Product-key memory layers

Summary:

This paper presents a computationally efficient (though not space-efficient) method to easily increase the capacity of a given network
Increasing the number of params by up to (and even above) 1 billion, yet not adding a significant cost at inference or training
They find they can double the inference speed while also gaining performance

Medium level:

The idea behind them is quite simple: instead of iteratively nonlinearly transforming a given representation, instead, input this representation into a key-value memory layer, and your new representation is some sum of “memories" associated with each key.

There are some interesting implications here: namely, that if a network with enough memory capacity can accurately represent the input in a way that a given query can be mapped to the right key, you have a sort of weak quantization: the output of your key is a sum from a given (deterministic) set of vectors.

I believe this can lead to huge increases in performance when it comes to the model seeing “familiar" content: assuming the memory layers are trained well, the model should be able to leverage very similar samples from previous training iterations better than simply internalizing the knowledge within “normal" parameters (linear layers).

The authors apply this method to transformers, however, it’s not limited to them: anything you can put in the format of a query, key, and value, works.

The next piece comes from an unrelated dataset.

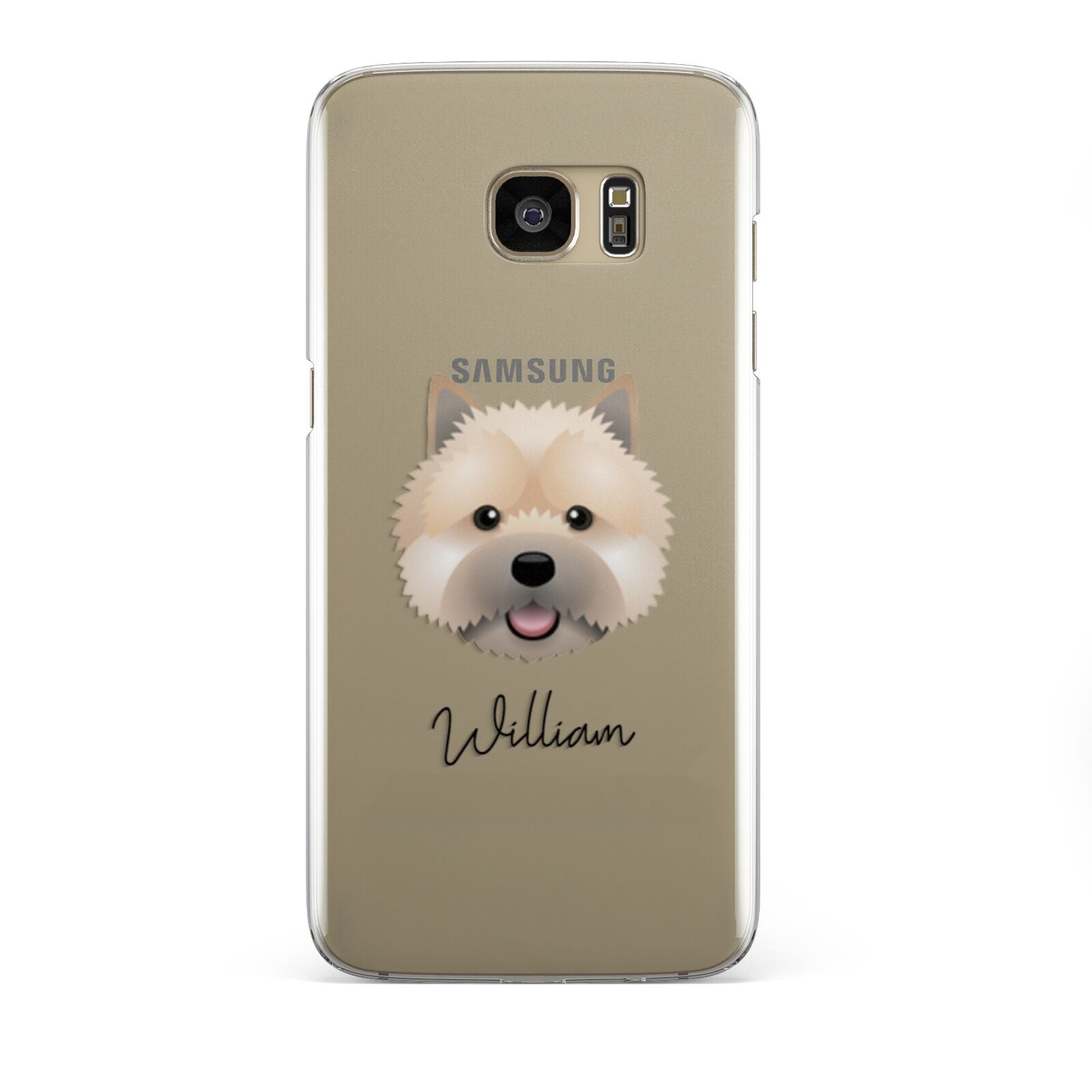 Norwich Terrier Personalised Samsung Galaxy S7 Edge Case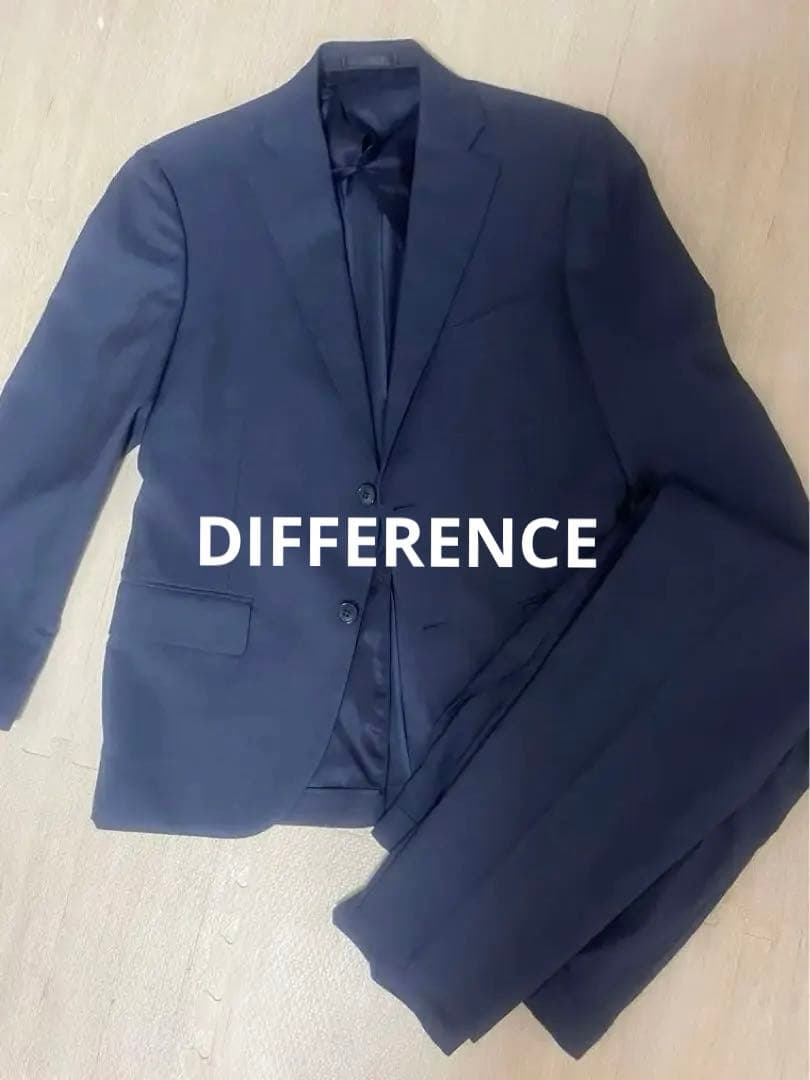 DIFFERENCE ネイビー ビジネススーツ セットアップ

A basic algorithm for this would be:

For a given query, select the top \(k\) nearest neighbors,
Normalize the scores of these neighbors using softmax,
Take the weighted sum of the memories, weighted given by these scores

Figure 1: Overview of key-value memory layer. The input x is passed through a query network that produces a query vector q, which is compared to all keys. The output is the sparse weighted sum over all the memories associates with the selected keys. For a small number of keys, K, this is extremely fast.

Low level:

Memory design:

High-low-level overview:

The overall structure of the proposed layer is covered well in figures (1) and (2). Abstracted less, a given layer is composed of three parts: A query network, a key selection module, and a value lookup table. It first computes the query that is compared to the product keys. For each product key, it computes a score, and selects the top \(k\) product keys. These top \(k\) are then weighted by the normalized score (softmax). All the parameters of the memory are trainable, yet only \(k\) memory slots are updated each input. The sparse selection and parameter updates are where the computational efficiency lie.

Query generation:

The function \(q: x \rightarrow q(x) \in \mathbb{R}^{d_q}\), referred to as the query network, maps the \(d\)-dimensional input to a latent space of dimensionallity \(d_q\). Typically, \(q\) is a linear mapping or a multi-layer ANN that reduces the dimensionality from \(d = 1024\) to \(d_q = 512\). The keys themselves are randomly initialized uniformly across this space.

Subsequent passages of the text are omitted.